Project Management for Writers
As rewarding as our job is, it is mentally exhausting and incredibly taxing. Other than the fact that it’s very time-demanding, it requires you to be in a certain headspace, with no interruptions, whatsoever. Unfortunately, it’s not always that easy to get into that state of mind, and when you aren’t, what you usually do in an hour can take you three times as long.
It’s always easy to find excuses for our lack of productivity when it comes to writing. We blame it on clutter, our families, and day jobs (if you have one). It’s easier to think and tell yourself that something is holding you back from pursuing your career in writing or getting back to it. The truth is that none of these things are holding you back as a writer. It’s not your high school teacher who told you to give up on writing or your lack of available time and resources.
It’s not you either. You’re not holding yourself back as a writer, even if you can’t stop comparing yourself to other successful writers in the field. Your procrastination is not an issue either, as long as you’re able to meet the deadlines. So, what is it that’s holding you back from writing one book after the other?
It’s your writer’s block. You’re probably fresh out of ideas and have no idea what to write next. Fortunately, we are here to tell you how to move past this dreadful stage of stagnation that every writer experiences at least once in their lifetime.
How to Get Out of Your Creative Rut
As you were searching for solutions, you were probably thinking of all the possibilities holding you back from writing your book, article, or blog post. If you think about it, you wouldn’t be here, seeking help, if you knew what to write. Instead, you would already be working on your next piece. You’d work it out, regardless of the endless possibilities for excuses that you can come up with.

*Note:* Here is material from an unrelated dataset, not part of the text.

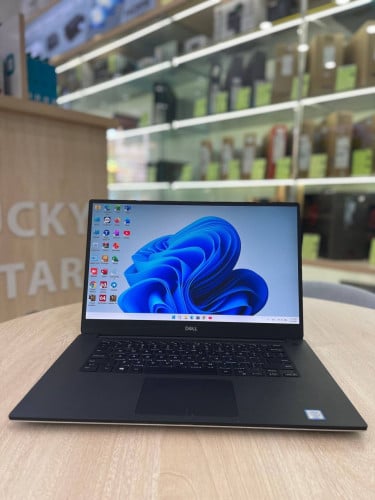 Dell Precision 5540 CPU i7-9th l RAM 16GB l SSD 512GB l VGA T1000 4GB (Second Hand)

You’d jot down ideas on your phone’s notes app as you attend your kid’s soccer practice, or scribble down random thoughts on your grocery list before you head to the store. You know you’d get it done in one way or another, which brings us to our next point.
Are You Really in a Rut?
No matter how stuck you think you are, you aren’t in a rut. You aren’t spiraling down the feared “writer’s block.” If you want to get writing, you need to change your mindset. You’re either writing or not writing, but you can’t be in the middle of the road. Writing is an action or a state. Just like walking, sitting, eating, or drinking. You are either doing it or you aren’t. Sure, you can be tired, but this wouldn’t stop you from walking if you wanted to. You may not be thirsty or hungry, but this doesn’t mean that you can’t drink or eat. The only thing that is stopping you from taking any of these actions is your intuition.
It’s exactly the same with writing. Your creative juices may not be flowing, but you can still write. If you wait around for something to magically click in your mind, the chances are that it isn’t going to happen any time soon. This is why you need to take matters into your own hands and keep trying to write, even if you only end up with a single sentence.
If you’re already working on something, you need to expose yourself to it as much as possible. Make it a daily habit to show up in front of your work. This way, that “click” will eventually show up too. It may be hard to believe, but you can accomplish a lot just by exposing yourself to your work. This is the case even as you wait for the feeling of inspiration. You will get bored if you just stare at your drafts, and that is when the words will start to flow. Even if you don’t come up with anything good, you at least have a base to work with and the process of writing with that base can be enough to get the creativity flowing again.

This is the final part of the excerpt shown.